Parent to parent: Buckle up for the ride

Photo: John Corrigan

By John Corrigan

There is late, and then there is late. Four and half hours is late.

But when my daughter Kelly finally picked me up at the Kansas City, Mo., airport a couple weeks ago, her sheepish grin made me forget the hours she left me marooned in the terminal.

Ahead, we’d be sharing a small Mazda crammed with her stuff and 1,600 miles of highway. Hastily arranged, the trip from her grad school in Missouri to our home in L.A. was one of those parental opportunities you have to jump on, whatever other obligations might be in the way.

The last-minute nature of the trip was also, I suspect, an inkling of the surprises in store for us in the year to come as we see our kids through three crucial phases in their educations: Kelly’s last semester in grad school, our son Kevin’s senior year at Davis, and our daughter Katie’s senior year in high school.

To be sure, our parental obligations have eased a bit over the years. Those 3 a.m. feedings of wailing babies, those grand Saturday morning tours of soccer fields, those car trips where the kids seemed ready to levitate on the power of sugar and caffeine, were they not tethered by seat belts — all that’s in the rearview mirror.

We miss it, of course. And while we’ve come to appreciate the simple pleasure of a quiet Sunday morning with coffee and the newspaper, there’s nothing quite so thrilling as the chance to be a parent again.

The trip with Kelly was a case in point. She had been working this summer to line up an internship in New York or Washington, D.C., for the fall, but her plans hadn’t come together.

Then, at what I would call the last minute (and the calendar would call "two weeks"), Kelly announced that she had landed an internship in D.C., but she would be living in a dorm with no parking. She would need someone to drive back with her from Missouri to Los Angeles, where she would leave her car.

The opportunity, as that ad goes, was priceless.

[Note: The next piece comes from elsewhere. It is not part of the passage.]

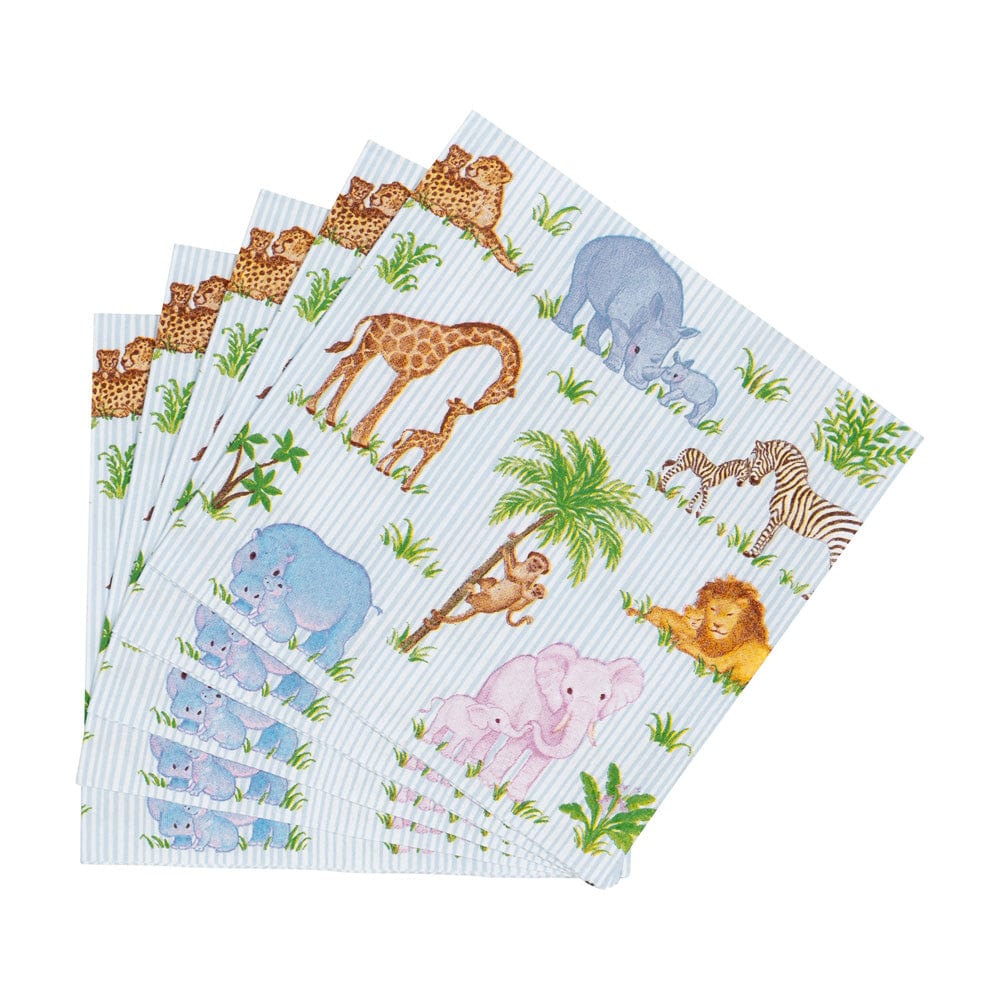 Caspari Paper Cocktail Napkins - Safari Baby – 20pk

To me, the road trip itself would be fun enough; it was my wife’s brilliant idea to try to make it a bit of a mini-vacation as well, since Kelly had been working all summer without a break. By scheduling in overnight stays at Glenwood Springs, Colo., and Las Vegas, the adventure went from good to great.

As Davis gets back into session, meanwhile, we’ll also need to make an effort to stay connected with our son, Kevin. He recently took on a job at the campus radio station that kept him busy all summer, and this fall his load will get heavier as he focuses on burnishing his grade point average and weighing his post-graduate options.

Fortunately, I also had a chance to spend time with him this summer. He put together a four-man backpack trip — two dads, two sons — in the Eastern Sierra. Before the trip, I was briefly torn between the backpack and previous plans for that same time. In the end, I made the right call — and threw those other plans out the window.

And Katie? She’s still at home, but her time here is short. She will be applying to colleges this fall and trying to boost her grades and SAT scores for the final push.

She’s been to several of the schools where she hopes to apply, and when I ask, she says she doesn’t need to see any more campuses. Fine, I say. But secretly, I’m hoping she will wake up one morning and insist on visiting another college.

Preferably, it will be one that’s at least a full day’s ride away.

*****

John Corrigan is business editor at The Los Angeles Times. He is the proud father of Kevin, a UC Davis senior; Kelly, a graduate student at the University of Missouri; and Katie, a high school senior.